_TASK BRIEF_
Because the images are not wanted, restate every line below word for word without them.

┌─ PROVIDED RECORDS

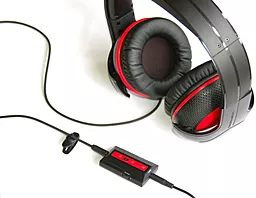 Навушники Thrustmaster Y-250C Gaming Red - мініатюра 7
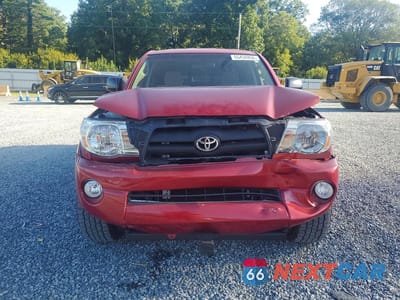 Piąte zdjęcie samochodu w środku: 2006 TOYOTA TACOMA V6 VIN:5TEUU42N26Z228712 - miniatura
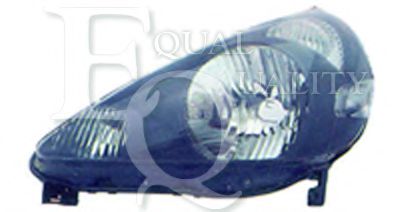 EQUAL QUALITY PP0321D Основная фара для HONDA JAZZ II (Хонда Джаз 2) EQUAL QUALITY PP0321D Основная фара для HONDA JAZZ II (Хонда Джаз 2)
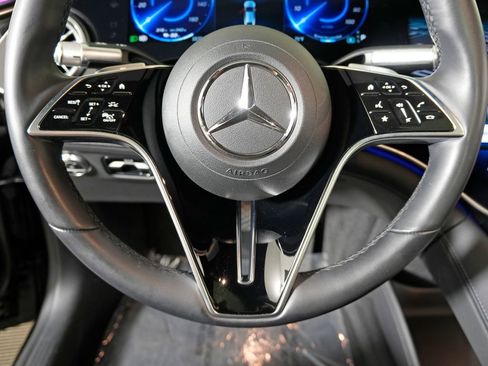 Certified 2023 Mercedes-Benz EQS 580 4MATIC Sedan image 21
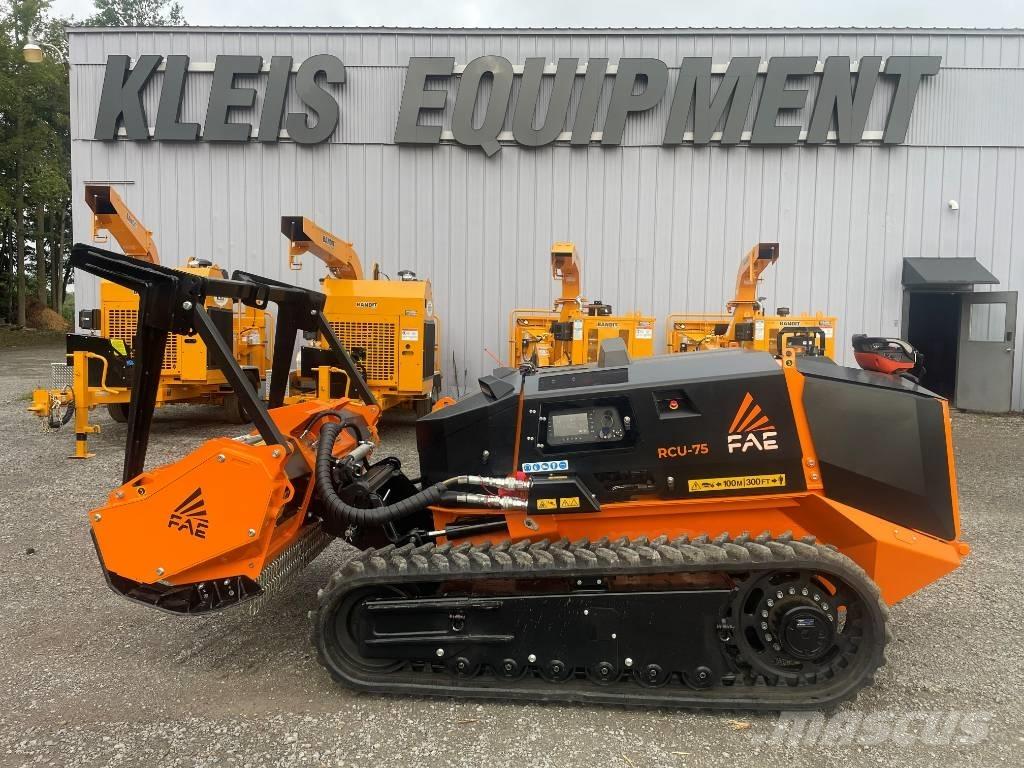 FAE RCU75 Forstmulcher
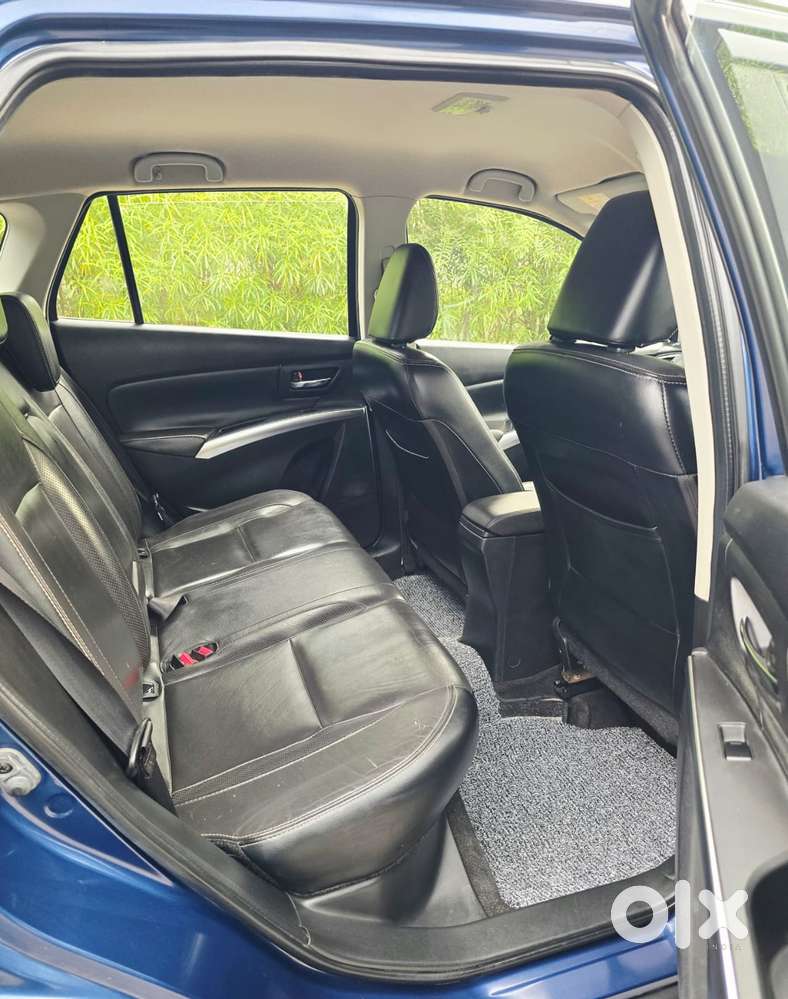 Maruti Suzuki S-cross Alpha 1.3, 2017, Diesel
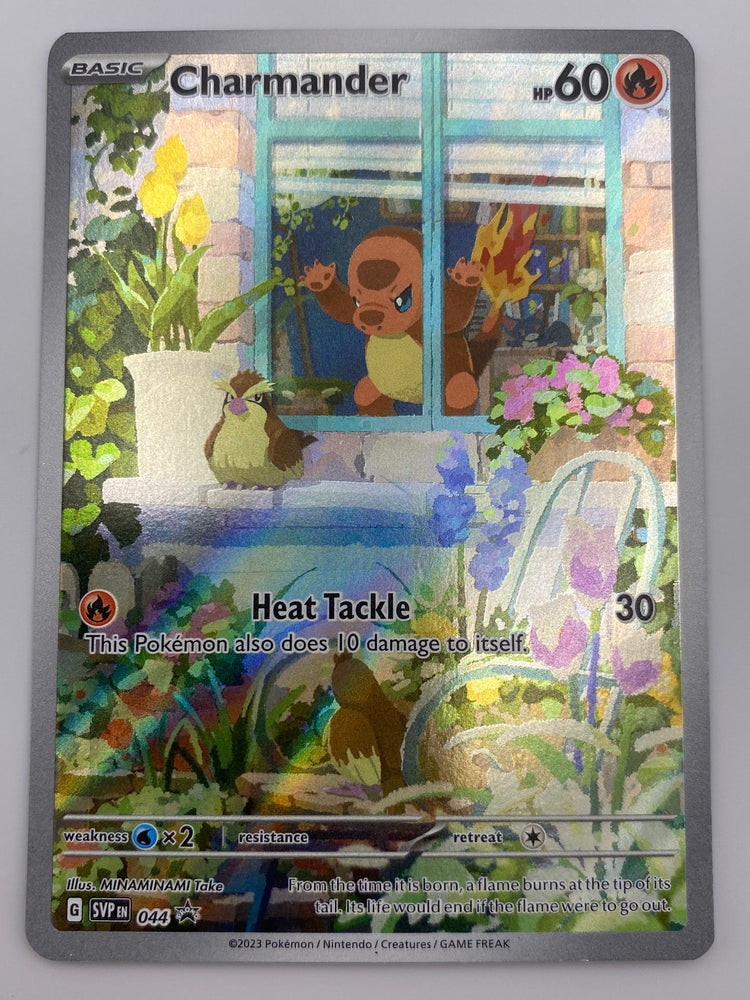 Charmander Promo NM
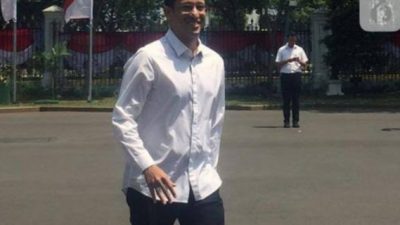 Bos Gojek Beri Sinyal Mundur dari Jabatan Usai Dipanggil Jokowi ke Istana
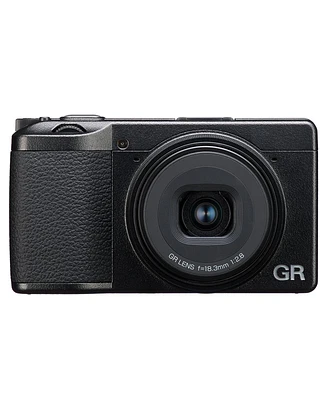 Ricoh Gr Iii Hdf Digital Camera
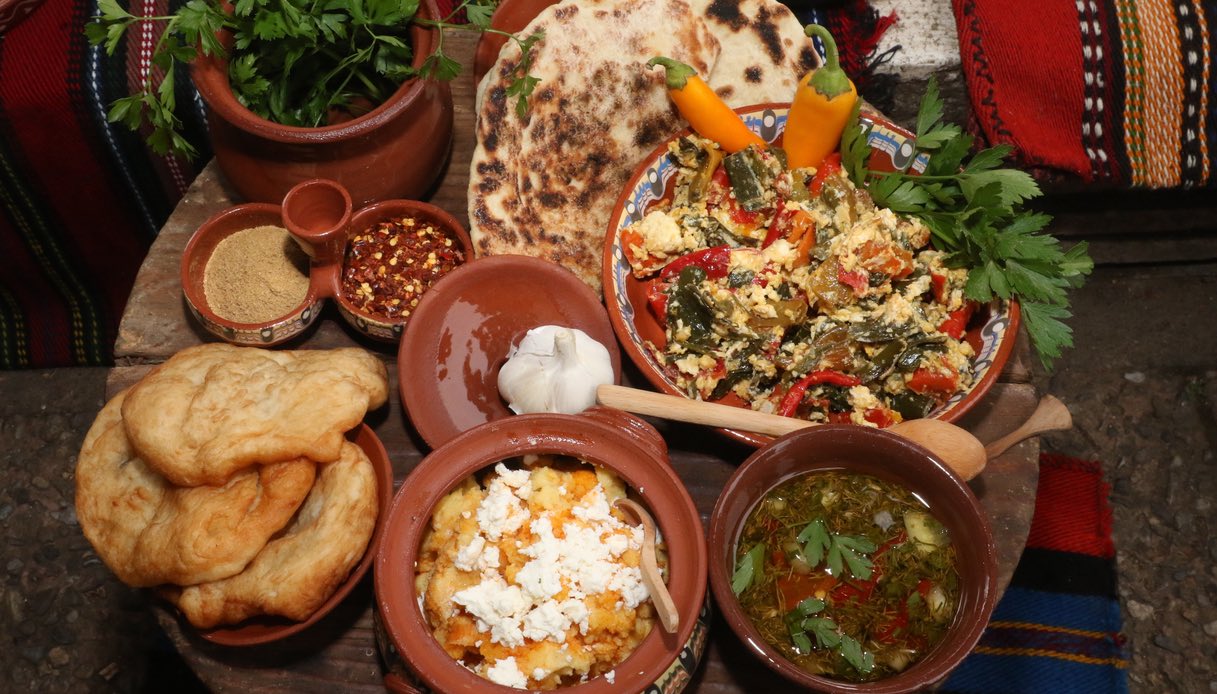 Cucina tipica bulgara
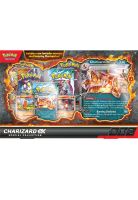 Pokémon Charizard Ex Special Collection Inglés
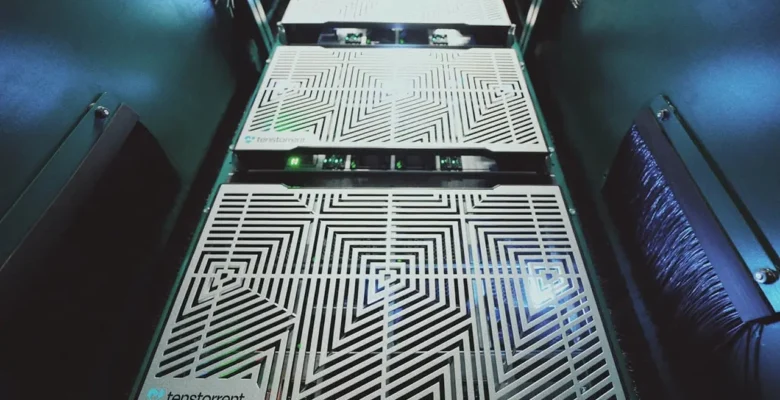 Tenstorrent Galaxy Blackhole, RISC-V ile Nvidia’ya Rakip Oluyor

└─

_OUTPUT_
 Навушники Thrustmaster Y-250C Gaming Red - мініатюра 7
 Piąte zdjęcie samochodu w środku: 2006 TOYOTA TACOMA V6 VIN:5TEUU42N26Z228712 - miniatura
 EQUAL QUALITY PP0321D Основная фара для HONDA JAZZ II (Хонда Джаз 2) EQUAL QUALITY PP0321D Основная фара для HONDA JAZZ II (Хонда Джаз 2)
 Certified 2023 Mercedes-Benz EQS 580 4MATIC Sedan image 21
 FAE RCU75 Forstmulcher
 Maruti Suzuki S-cross Alpha 1.3, 2017, Diesel
 Charmander Promo NM
 Bos Gojek Beri Sinyal Mundur dari Jabatan Usai Dipanggil Jokowi ke Istana
 Ricoh Gr Iii Hdf Digital Camera
 Cucina tipica bulgara
 Pokémon Charizard Ex Special Collection Inglés
 Tenstorrent Galaxy Blackhole, RISC-V ile Nvidia’ya Rakip Oluyor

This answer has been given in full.